Tutum Ölçeklerinin Günümüzde Kullanımı:

Oldukça karmaşık değerlendirmeler yapmak için likert ölçeğiyle duygusal anlam ölçeği bir arada başarıyla kullanılmıştır.  Örneğin seçmenlerden duygusal anlam ölçeği kullanılarak çeşitli konuları değerlendirmeleri istenebilir. Sonrasındaysa onlara bir Likert ölçeği kullanarak her bir adayın belli konulardaki konumu hakkında ne düşündükleri sorulabilir. Bu iki ölçümü birleştirdiğimizde, bu seçmenlerin kime oy vereceğini kestirmemiz mümkün hale gelir.

Fizyolojik Ölçümler:

Tutumları değerlendirmek üzere çeşitli fizyolojik ölçümler kullanılmıştır. Bunlar arasında deri direncini, kalp atım hızını, göz bebeğinin büyümesini sayabiliriz. Kişinin tutumu çoğunlukla nötr bir nesnenin ( sözgelimi bir somun ekmeğin)  bulunduğu ortamda okunan fizyolojik değerle ( sözgelimi kalp atış hızı ) tutum nesnesinin ( sözgelimi çekici bir kişi)  bulunduğu ortamda okunan değerin birbiriyle karşılaştırılmasıyla çıkarsanır.

Açık Davranış Ölçümleri:

Tutumları ölçmenin bir başka yolu insanların ne yaptığını izlemektir, zira insanların davranışları tutumlarının göstergesi olabilir.  Bu teknik insanlar ancak kendi davranışlarının gözlendiğinden habersiz oldukları zaman güvenilirdir.
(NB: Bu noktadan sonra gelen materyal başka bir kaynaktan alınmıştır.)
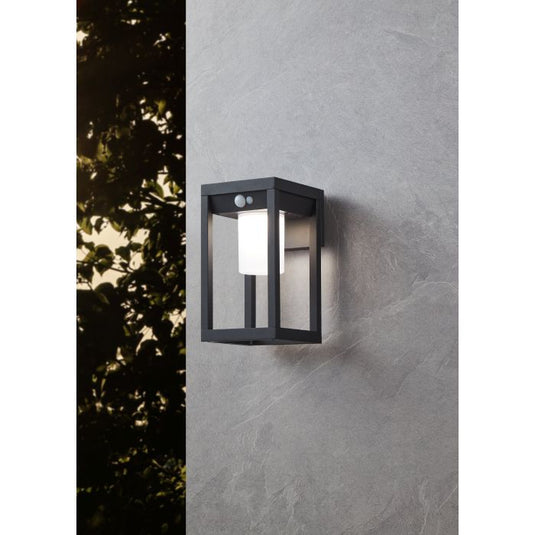 Aplique de Parede Exterior LED com Painel Solar MARTANO EGLO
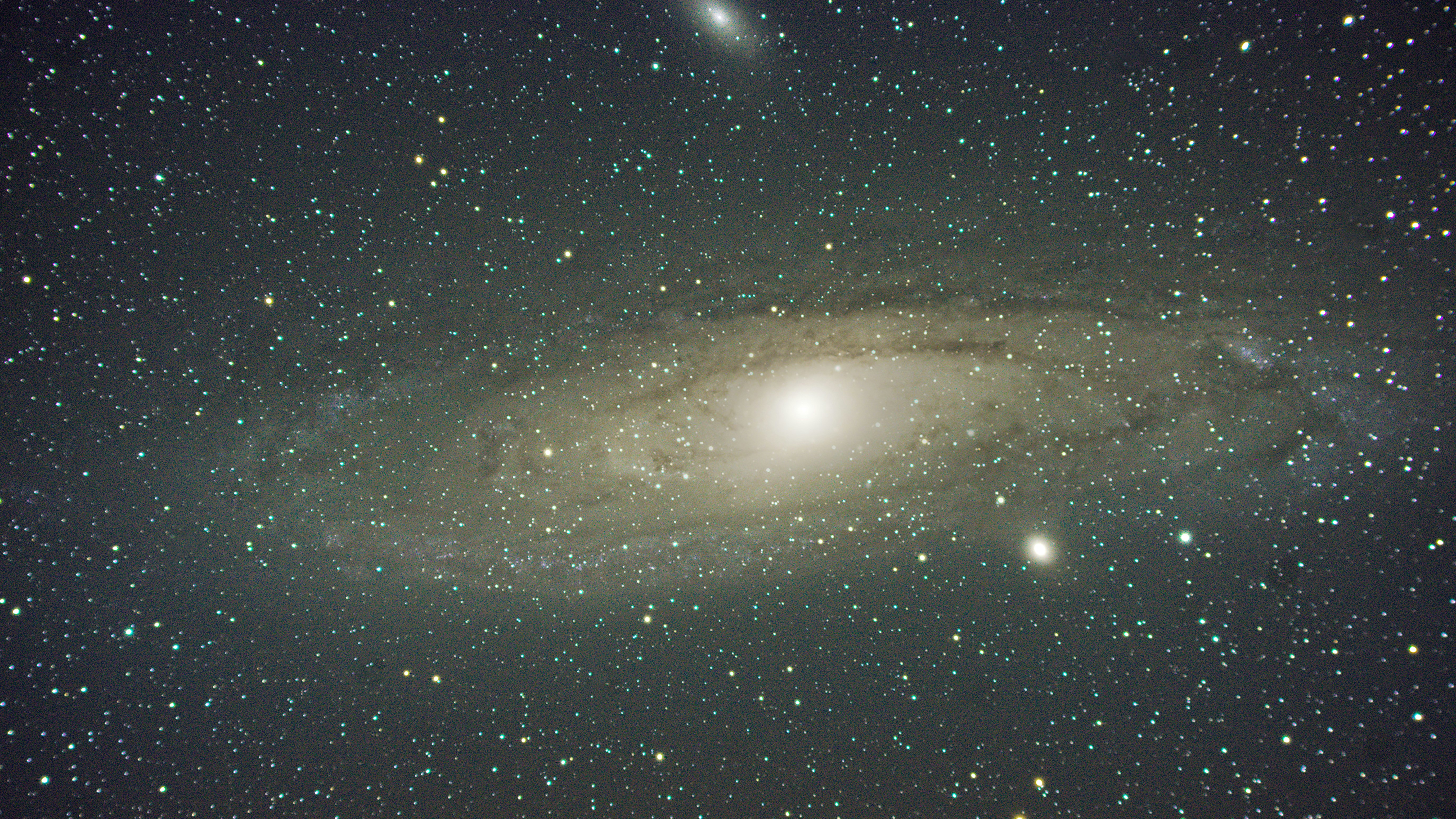 The Andromeda Galaxy in deep space HD Wallpaper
Sözel olmayan davranışlar da bir tutum ölçüsü işlevini görebilir. Örneğin birbirinden hoşlanan insanlar birbirlerine yakın otururlar. Dolaysıyla eğer bir bekleme odasındaki yabancılar başka grupların üyelerinden uzağa otururlarsa ortada bazı önyargılar olduğu yolunda bir çıkarsamada bulunabiliriz.

Tutum Ölçümlerinde Problemler ve Çözümler:

Tutum araştırmacıları katılımcılara soru sorduklarında, katılımcıların kendi gerçek duygularını açığa vurma konusunda isteksiz davranmaları hep olasıdır. Bu durum kişinin tutumunun ( örneğin ırkçı görüşlere sahip olmak) egemen norma ( örneğin bütün sosyal gruplar için fırsat eşitliğinin sağlanması) ters düştüğü anlarda özellikle karşımıza çıkar.
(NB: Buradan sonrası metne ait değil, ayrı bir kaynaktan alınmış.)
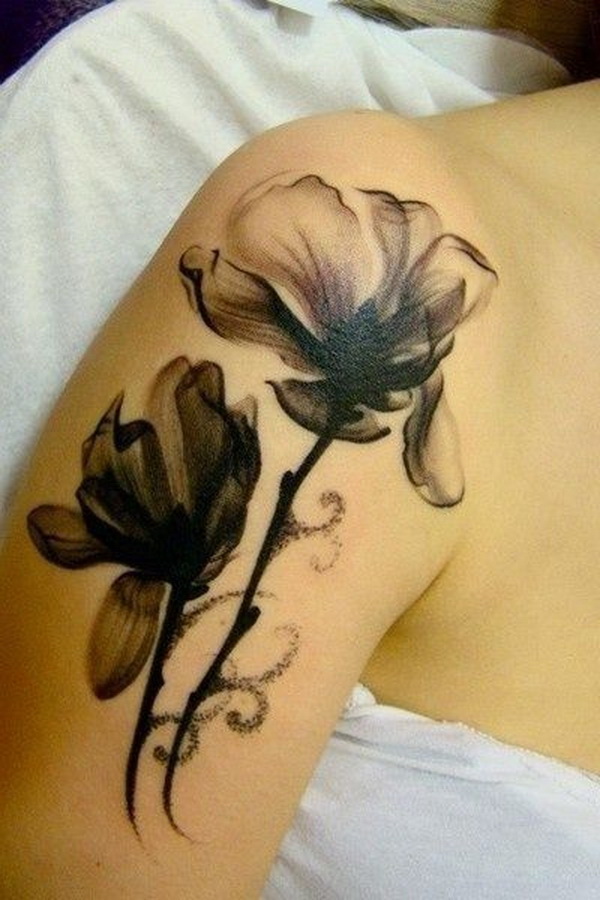 30 Beautiful Flower Tattoo Designs Listing More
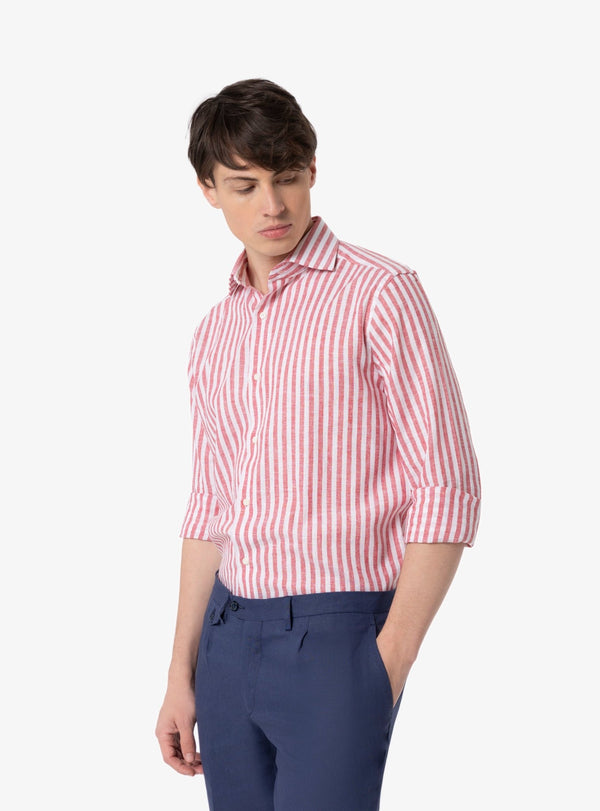 Camicia collo francese in lino cotone - Fusaro Antonio dal 1893 - Fusaro Antonio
Araştırmacılar bu tür sorunları çözmek için bazı teknikler geliştirmişlerdir. Bunun bir örneği düzmece boru hattı tekniğidir. Düzmece boru hattı tekniği, katılımcıları yanılttığı,  ve özel yaşama girdiği için etik açıdan sakıncalar yaratabilir. Araştırmacılar bu tekniğin kullanımını gerekçelendirmek için araştırmadan elde edilecek bilimsel yararın olası etik sakıncalardan daha ağır bastığını gösterme gereği duyarlar.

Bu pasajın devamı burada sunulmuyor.